(DIRECTIONS)
Leave the pictures out, and transcribe the material below exactly from the line with "Louis Vuitton lace up shoes - Picture 3 of 4" to the line with "Golden Oasis - Photo 8", both lines included.

(ENTRIES SUPPLIED)
'''
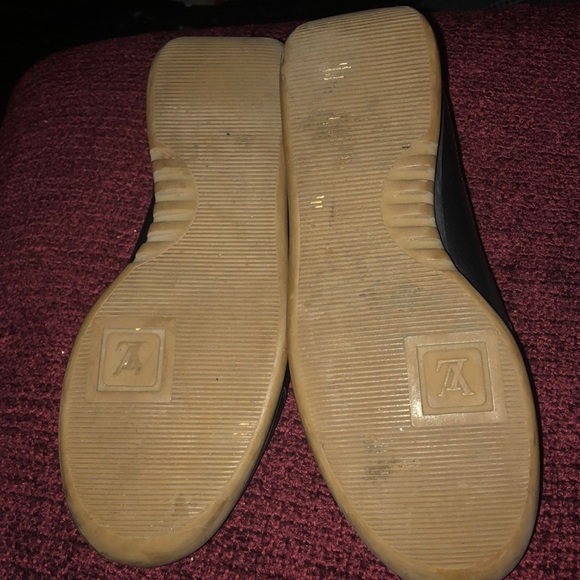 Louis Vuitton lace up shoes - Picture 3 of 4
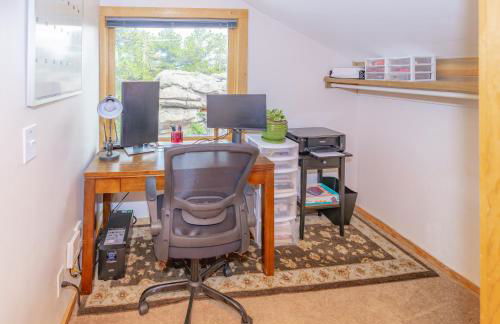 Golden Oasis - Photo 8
'''
'''
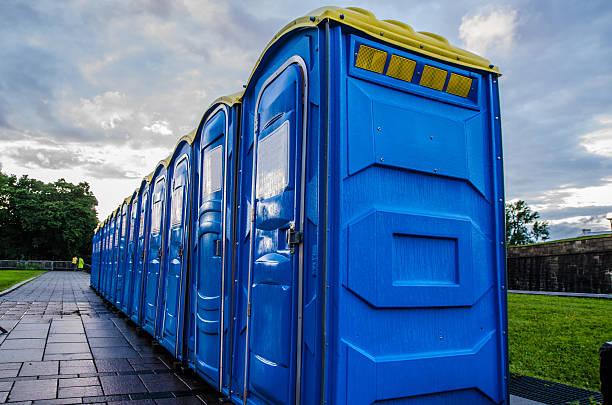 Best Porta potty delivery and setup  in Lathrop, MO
'''
'''
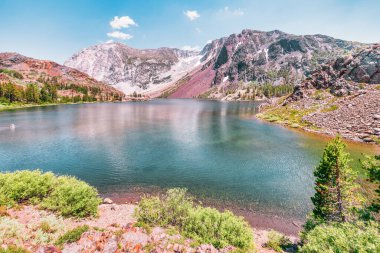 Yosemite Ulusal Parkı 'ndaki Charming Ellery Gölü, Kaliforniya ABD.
'''
(TASK OUTPUT)
 Louis Vuitton lace up shoes - Picture 3 of 4
 Golden Oasis - Photo 8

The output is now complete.